In the other case of p2p network, the messages spread using a gossip protocol. Here it is even more likely that messages can arrive in different order on different nodes since the gossip involves periodic, pairwise, inter-process interactions with some form of randomness in the peer selection. Btw in case you didn’t notice, this is a new problem; in previous paragraph we were discussing messages arriving out of order on the server, but now we have switched to messages arriving in different order on different nodes.

In fact, this phenomenon of messages arriving in different order on different nodes happens with Bitcoin also. Bitcoin protocol ensures that blocks are generated every 10 minutes or so with some spread. But still its possible for two blocks to be generated very close to each other in (terms of time) and when that happens depending on which block reaches a node first, there are temporary forks in the blockchain (also known as branches, illustrated graphically in this article). But then bitcoin protocol ensures that only one branch will survive – the way it does this is by mandating that in the presence of competing branches, all nodes have to select the longest branch. And due to the nature of the system, it is guaranteed that a longest branch will emerge eventually – read the probabilistic calculations in this article for details. This is how Bitcoin achieves consensus. And also Ethereum.

Hyperledger Fabric achieves consensus in a different way. It relies on a backend service (known as the ordering service) that intermediates the messages between senders and receivers. This backend service will ensure that all receivers will see messages in same order – it follows that if all receivers see messages in same order, they will perform the same actions/commits etc. Voila! consensus is achieved. How does it do this? By using Apache Kafka, a widely used open source pubsub service developed much before blockchain was invented. In fact I believe it is also used by applications like WhatsApp, Slack, Teams etc. just for this very purpose – so that all clients see messages coming in the same order and forms the backbone of these applications on the backend. In case of applications like WhatsApp, its not a big deal if some messages arrive in different order on different peers but it makes a big difference in case of a blockchain where it can cause the ledger to fall out of sync between peers.

The consensus mechanism is one of the key ways in which Hyperledger Fabric is different from other blockchains such as Bitcoin or Ethereum and its important to understand what it is and what it is not. For sometime I thought Fabric doesn’t really come with a consensus mechanism but that is not true. Fabric is using the intermediate server architecture we covered above where messages are sent to a server which then broadcasts the messages to receivers ensuring that all receivers will see the exact same order of messages. Btw, note that this order need not be the chronological order – in fact as we have seen above the concept of chronological order is not very well defined in a distributed system. It just needs to be a order – the simplest way to order messages is to order them in the order in which they are received on the server and this is exactly what the Solo orderer does. The Solo orderer is called so because it runs a single instance of the orderer and in this case it is trivial to establish a total order on messages. In practice in a production system, we don’t want a single point of failure and thus want to have more than one ordering node – that is where Apache Kafka is used. As explained in this article: “In Kafka, only the leader does the ordering and only the in-sync replicas can be voted as leader. This provides crash fault-tolerance (CFT) and finality happens in a matter of seconds. While Kafka is crash fault tolerant, it is not Byzantine fault tolerant, (BFT) which prevents the system from reaching agreement in the case of malicious or faulty nodes”. What it is saying is that there is a master node which does the ordering and if the master node fails, someone else is available to take over. This is known as crash fault tolerance. There is another, much more difficult, type of fault that is studied in distributed database replication – known as the Byzantine Fault. Kafka does not protect against that. For more details on Byzantine Fault refer to here and here.

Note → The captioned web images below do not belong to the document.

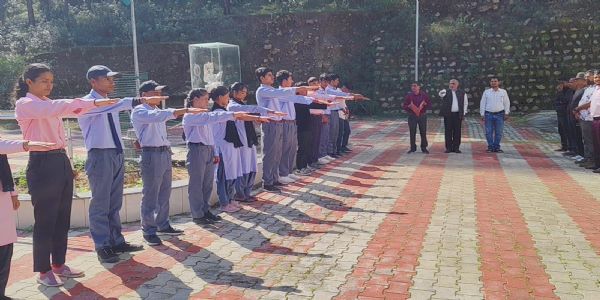 राजकीय व्यावसायिक महाविद्यालये पैठाण्यां मनोनीतच्छात्र संघ परिषद् अगृह्णात् शपथवचनम्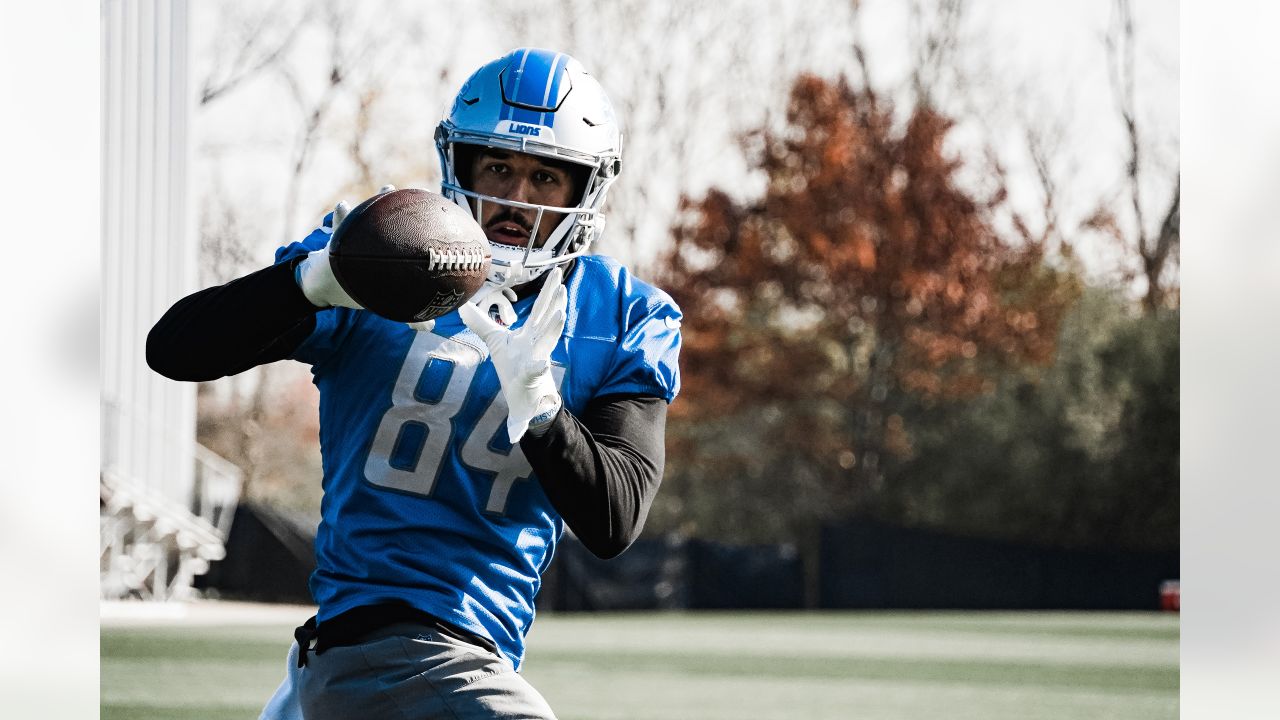 Detroit Lions tight end James Mitchell works on a drill during an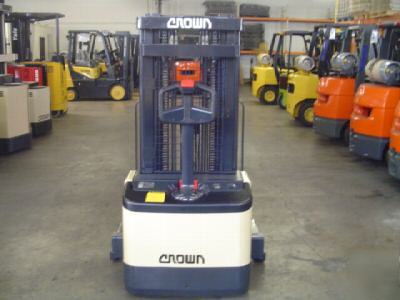 Crown electric walkie stacker lift year 2001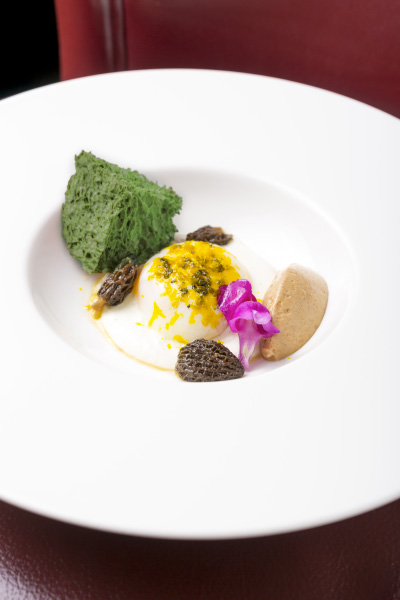 Uovo cremoso su fonduta di robiola di Roccaverano, maionese di mandorla di Avola, spugnole e spugna allo spinacio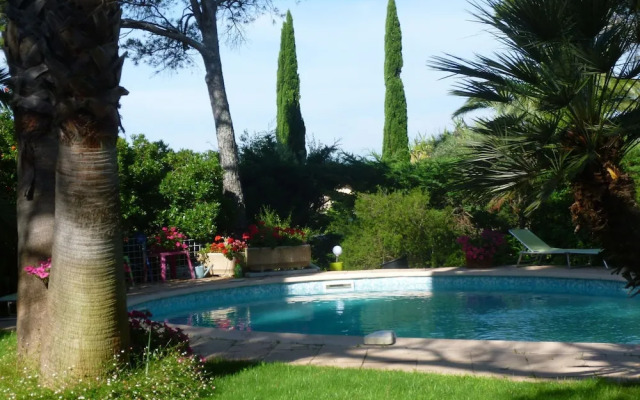 Spacious Villa at Saint-raphael With Jacuzzi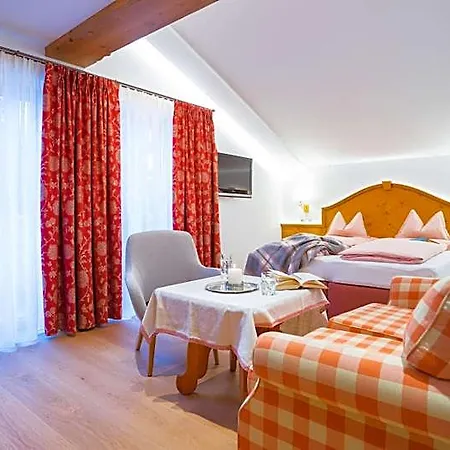& Residenz Chesa Rosa فندق ليش ام ارلبرغ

Whereas Bitcoin and Ethereum use the p2p network without any intermediating service in between who is in charge of establishing a total order on the transactions. Incidentally this means the temporary forks in Bitcoin will never happen with Hyperledger Fabric – a desirable property in enterprise applications I think. With Bitcoin a seller has to wait for 6 blocks or 1 hour as a rule of thumb to be sure that the payment made to them will end up in the blockchain [ref].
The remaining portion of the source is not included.